== Exercise data ==
--
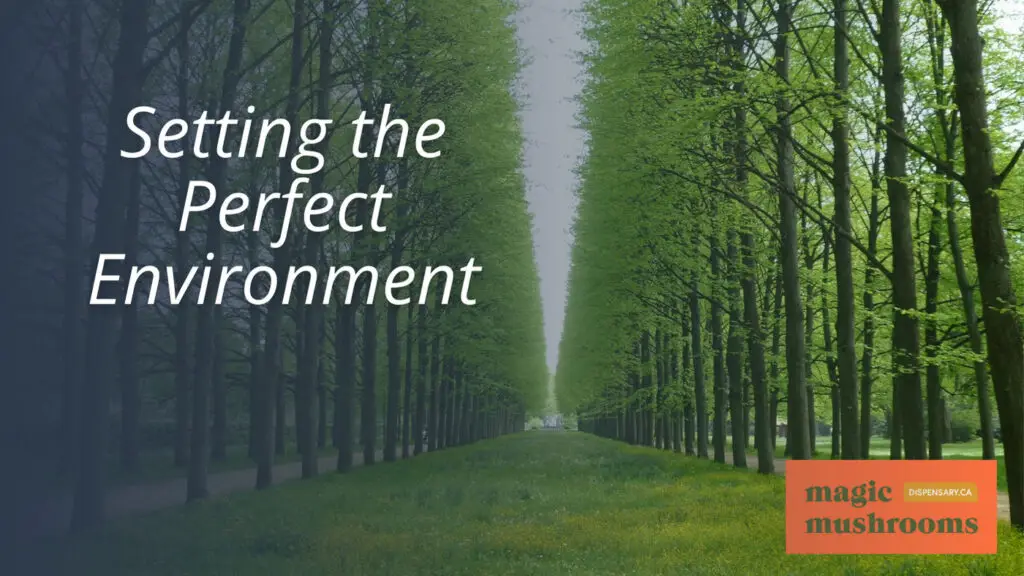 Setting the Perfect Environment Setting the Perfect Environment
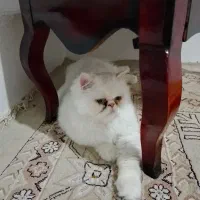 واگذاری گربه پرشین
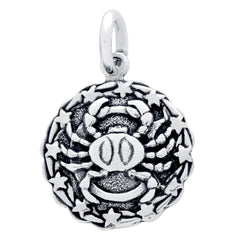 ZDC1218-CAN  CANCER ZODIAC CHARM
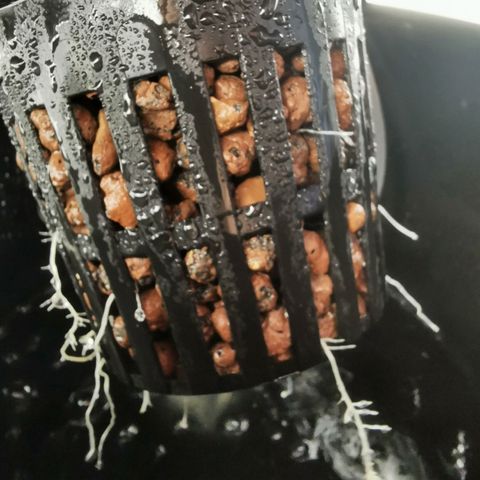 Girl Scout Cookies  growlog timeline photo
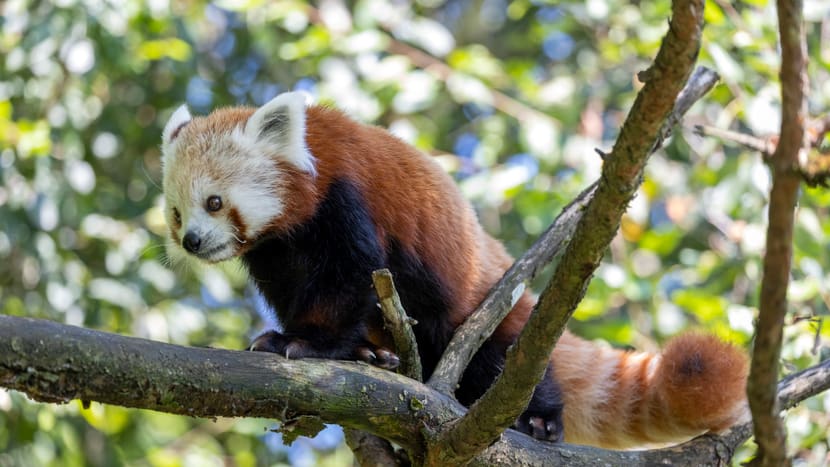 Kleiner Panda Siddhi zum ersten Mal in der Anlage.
--
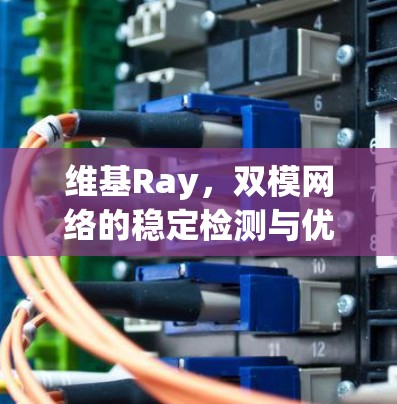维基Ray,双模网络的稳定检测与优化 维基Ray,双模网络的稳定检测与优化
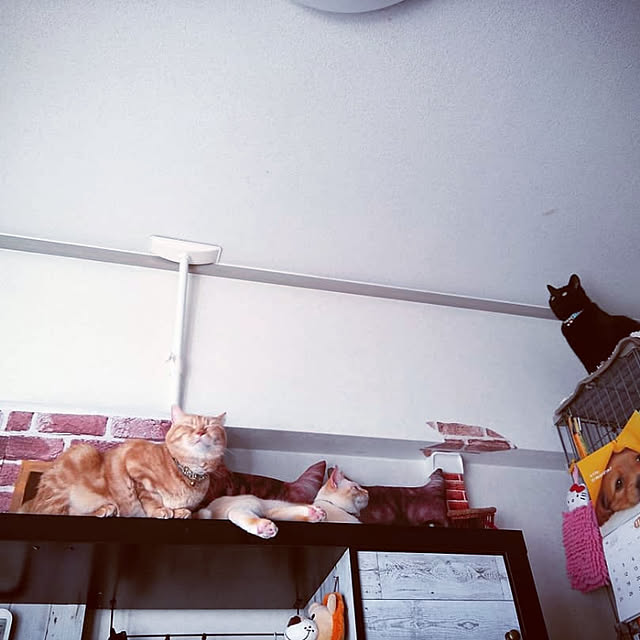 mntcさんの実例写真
--
== Work item ==
Each line above that falls between the line with "CANCER ZODIAC CHARM" and the line with "Kleiner Panda Siddhi" should be printed exactly, together with those two lines, but the pictures should not.

== Exercise answer ==
 ZDC1218-CAN  CANCER ZODIAC CHARM
 Girl Scout Cookies  growlog timeline photo
 Kleiner Panda Siddhi zum ersten Mal in der Anlage.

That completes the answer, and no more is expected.